ROYAL ACADEMY ENTERS THE CLIMATE CHANGE DEBATE
The Royal Academy of Arts in London has opened a new exhibition which reflects the impact of the climate change debate on the practice of a broad range of contemporary artists. ‘Earth: Art of a changing world’ presents new and recent work from more than 30 leading international artists, including commissions and new works from emerging artists. Many of the artists featured are working directly to transform the global scale of climate change into a human narrative. Others have shown it to have a place, or to resonate, within their work. Works by artists including Ackroyd & Harvey, Spencer Finch, Antony Gormley, Mona Hatoum, Marcos Lutyens & Alessandro Marianantoni, Semiconductor and United Visual Artists engage with the earth, air, sky, nature and carbon elements to encourage a deeper consideration of our cultural relationship to earth’s stability. Artists such as Antti Laitinen, Edward Burtynsky, Gary Hume and David Nash invoke a dialogue around the perceived security of our existence.

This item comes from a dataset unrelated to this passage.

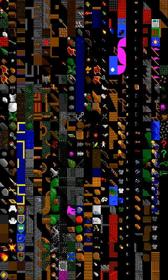Much video game hardware from the late 1970s through the mid-1990s had native support for displaying tiled screens with little interaction from the CPU.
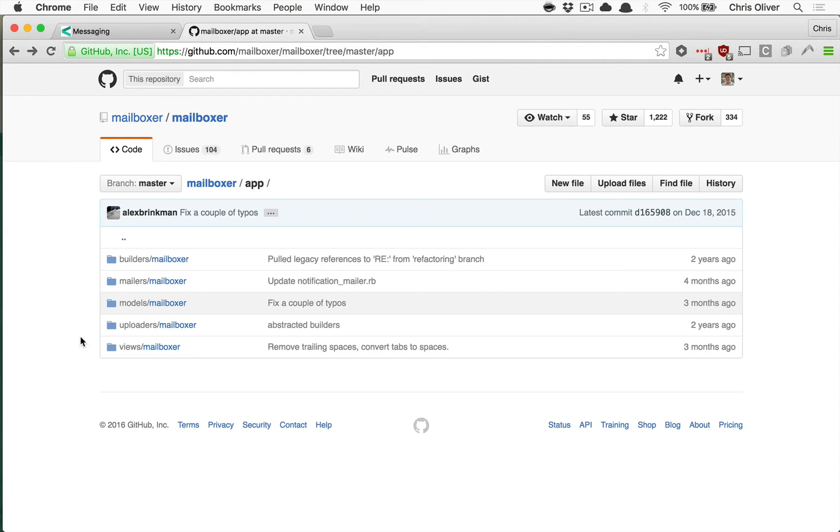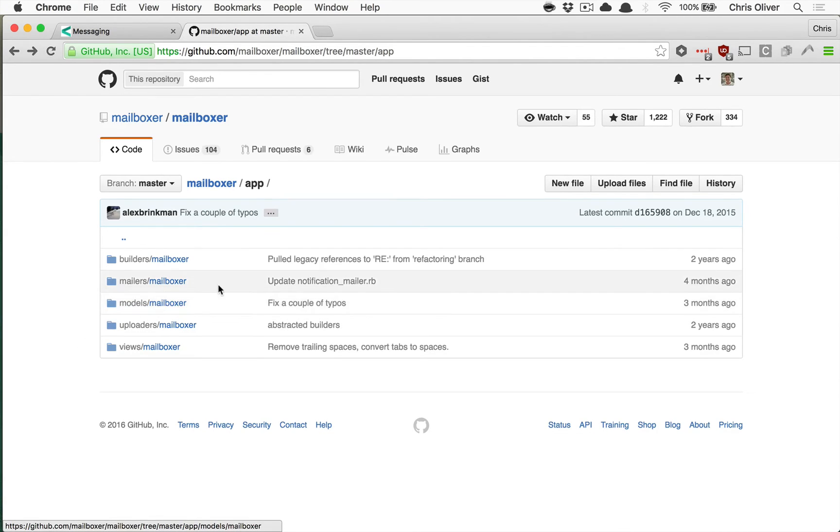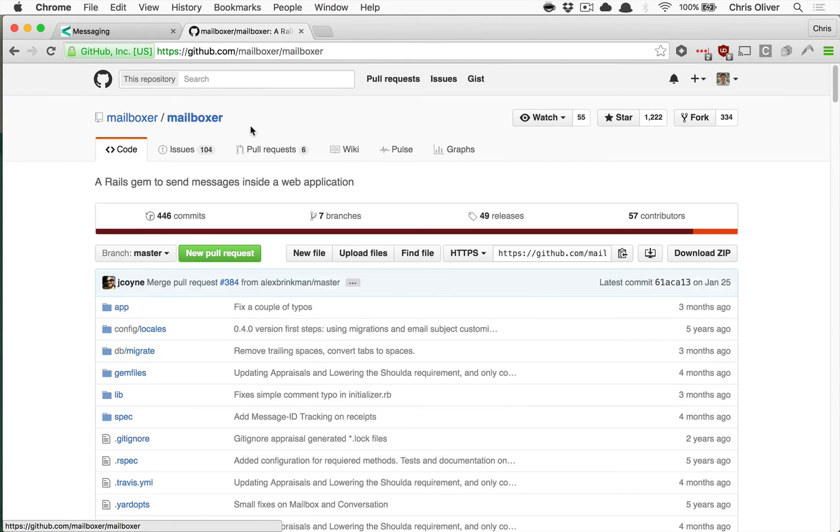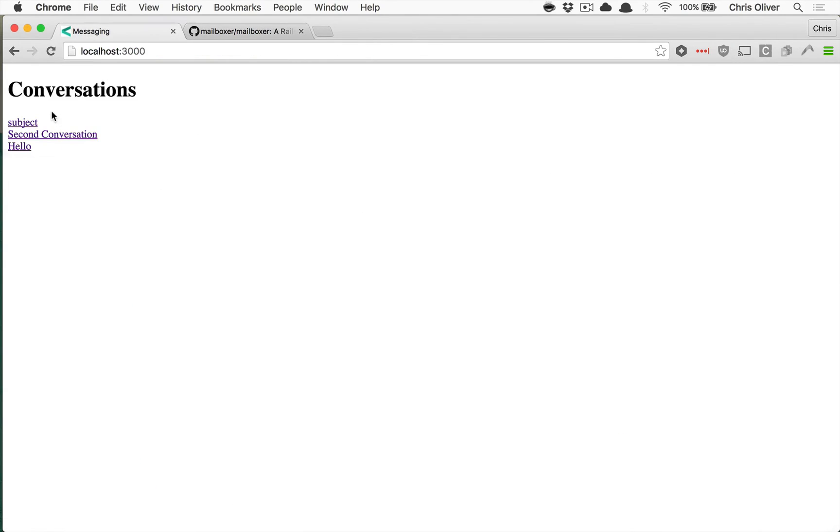So what we're going to do is we're going to go figure out okay, well we want to display bold conversation titles if they're unread.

ANTHONY D’OFFAY’S ARTISTS’ ROOMS GO ON TOUR
21 British museums and galleries from Llandudno to Fort William will be able to show masterpieces of contemporary art in 2010 thanks to “ARTIST ROOMS”, Anthony d’Offay’s gift to the nation made in 2008. The “ARTIST ROOMS 2010 Tour” has been made possible by The Art Fund and is supported by the Scottish Government. Held jointly by National Galleries of Scotland and Tate, “ARTIST ROOMS” is the largest public gift of art to museums in UK history. The collection has now been enhanced by artists and collectors who have made significant donations to the scheme including works by Ed Ruscha, Ian Hamilton Finlay, Agnes Martin, Robert Therrien and Jannis Kounellis. The “ARTIST ROOMS” tour in 2009 reached around 8 million people nationally, over 700,000 people outside of London and Edinburgh in towns and cities as far afield as Stromness in Orkney, Cardiff in Wales, Middlesbrough in Teesside and Bexhill in East Sussex. A total of 372 works went on tour. The “ARTIST ROOMS 2010 Tour” will see works from this outstanding contemporary collection reach a further 16 towns and cities across the UK including Stornoway, Perth, Nottingham, Thurso, Llandudno, Eastbourne and Belfast.

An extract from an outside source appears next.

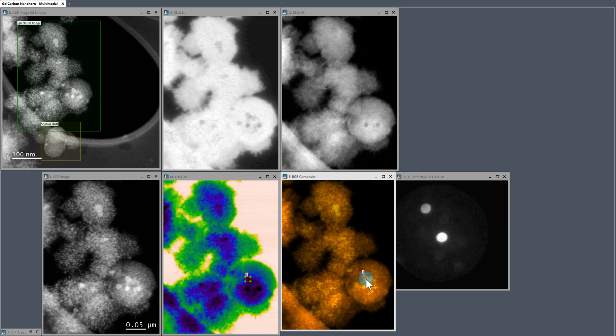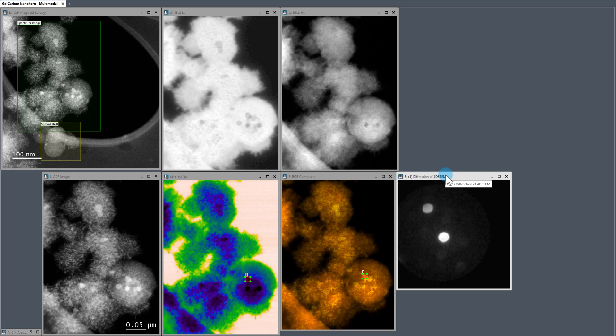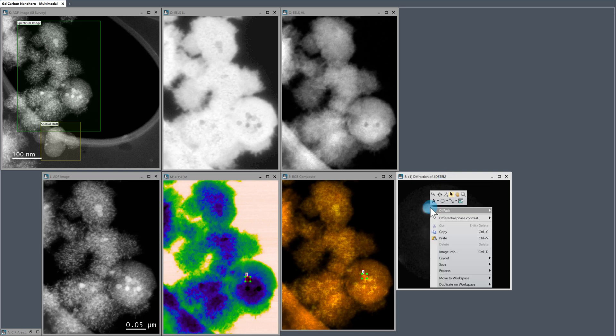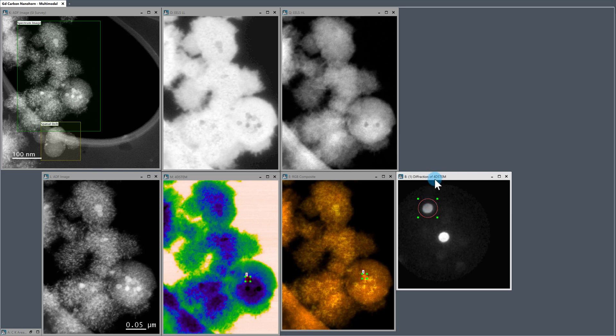And I'd actually like to do some mapping. We can do exactly the same with the diffraction data. So what we do if we want to map from a diffraction pattern is we can use what we call virtual apertures. So we just place an ROI on some feature in the diffraction pattern that we want to map. So I'm going to target this diffraction disk because it's very strong intensity here.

STRONG SALES AT SOUTHEAST ASIAN CONTEMPORARY AUCTIONS
The Autumn 2009 auction of Southeast Asian Modern and Contemporary Art saw upbeat results with total sales of HK$33.5 million (US$4.3million) and strong selling rates of 95% sold by value, 78% sold by lot. Impressive prices across the board were driven by Asian private collectors, with 64% of the lots selling above their high estimate. These results – a 64% increase over the Spring 2009 season total – mark a resounding vote of confidence for the category’s modern masters and the rebound of the Southeast Asian contemporary art market. Christie’s International’s five-day auction in Hong Kong raised an above-estimate HK$1.65 billion ($213 million). As Bloomberg reports, one of the highlights of the sales was Zeng Fanzhi’s 1994 oil painting, “Untitled (Hospital Series),” whch was expected to fetch as much as HK$12 million, and in fact sold for HK$19 million.